| Ex-principal Is Convicted of Sex Abuse
By Sharon Otterman
New York Times
December 3, 2012
http://www.nytimes.com/2012/12/04/nyregion/ex-principal-in-brooklyn-convicted-of-abusing-boys.html
The former principal of a private school in Brooklyn was found guilty in State Supreme Court on Monday of sexually abusing three boys over the course of a decade, including one boy who was 7 years old when the abuse started.
After three days of deliberation, a jury in Brooklyn found the man, Emanuel Yegutkin, 33, guilty of 75 counts of sexual abuse, including the top charge, sexual conduct against a child in the first degree, which carries a maximum 25-year prison sentence. A sentencing date has not yet been set.
Mr. Yegutkin’s lawyer, Jeffrey Schwartz, could not be reached for comment Monday evening.
The case is among a wave of sexual abuse cases involving Orthodox Jews that the Brooklyn district attorney, Charles J. Hynes, is prosecuting after decades in which such prosecutions were rare. Another trial, involving Nechemya Weberman, an unlicensed religious counselor accused of molesting a girl he was treating, continues Tuesday in the same courthouse with testimony from the girl’s mother.
Mr. Yegutkin’s case “should serve as a clear message that those who would sexually abuse children in this county will be punished severely,” Mr. Hynes said in a statement Monday. “This violent sexual predator faces the remainder of his life behind bars.”
Before his arrest in 2009, Mr. Yegutkin was the principal of Elite High School, a private Jewish school for Russian-Americans in Bensonhurst. He had volunteered for two summers at an Orthodox Jewish camp in the Catskill Mountains called Oorah’s Boy Zone, and was a volunteer for Hatzolah of Flatbush, the private Jewish ambulance service, those organizations said.

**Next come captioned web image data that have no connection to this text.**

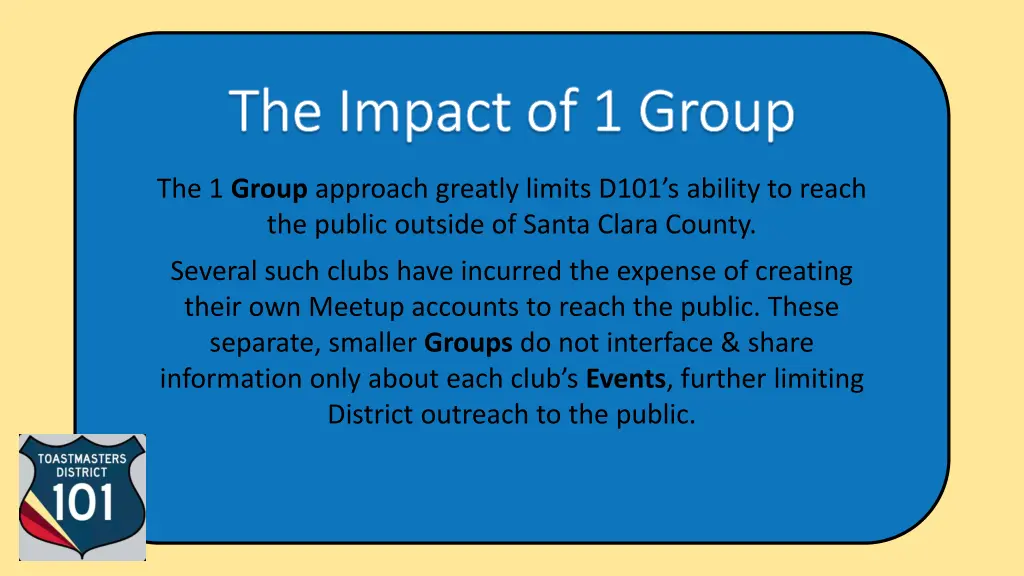the impact of 1 group the impact of 1 group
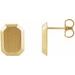 Engravable Geometric Stud Earrings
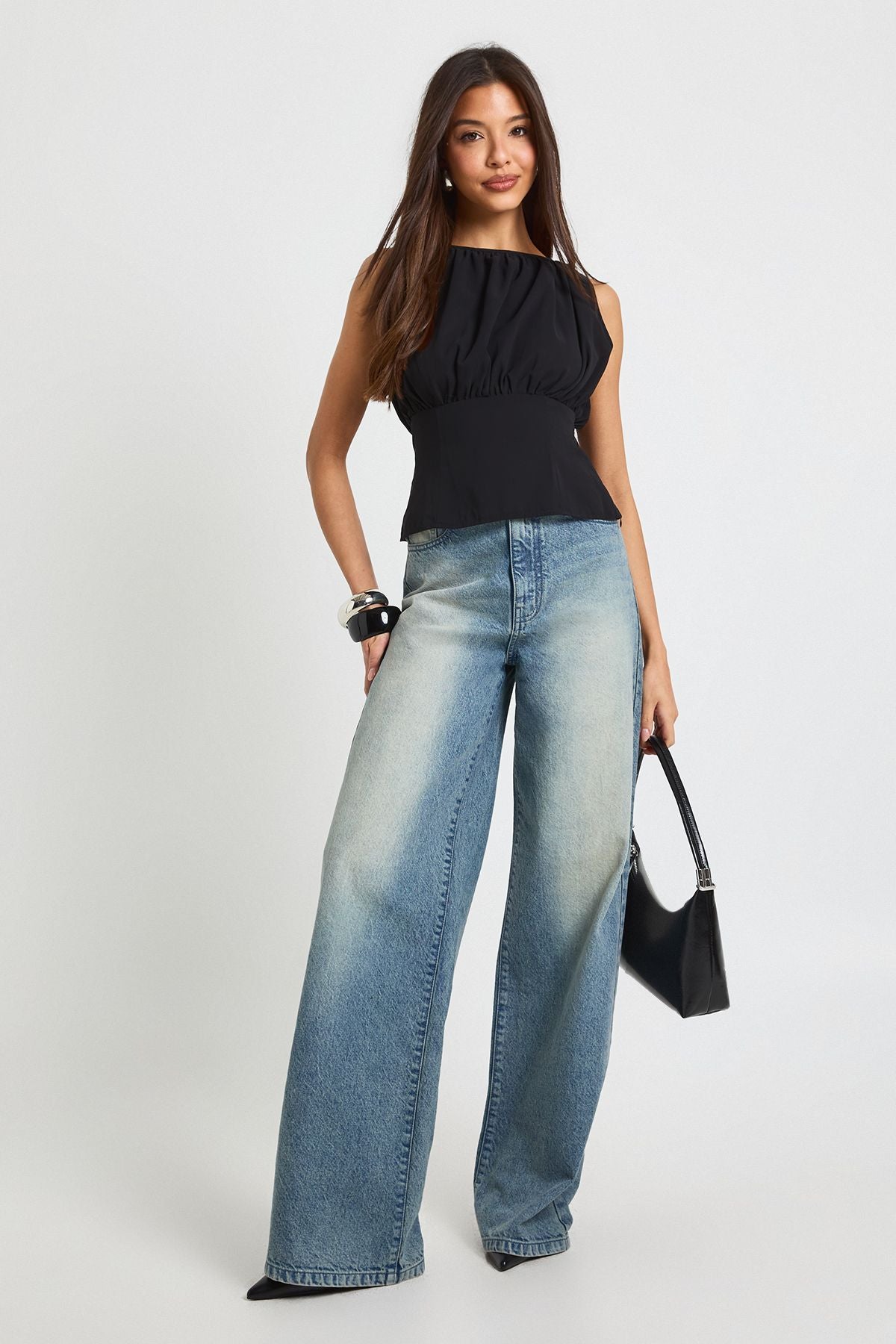 Chiffon Ruched Top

In 1996, Mr. Yegutkin began to fondle and engage in oral sex with the 7-year-old son of a family friend, prosecutors said. He also sexually abused the boy’s older brother, and molested them for years, in their home and elsewhere, officials said. In 2008 he showed pornography to a third boy, the jury found. All three victims testified in the trial.
The victims did not attend either the camp or the school, prosecutors said, and both organizations have said they had no reports of improper behavior. But immediately following his arrest nearly four years ago, Mr. Yegutkin appeared to confess to the crimes.
According to court papers, Detective Steve Litwin of the police sex crimes unit in Brooklyn told Mr. Yegutkin in January 2009 that one boy said he was abused for the first time at age 7 in the basement guest room of his house. “Is he lying?” Mr. Litwin asked him.
“No,” Mr. Yegutkin had replied. “The details may not be exact, but he’s not lying.”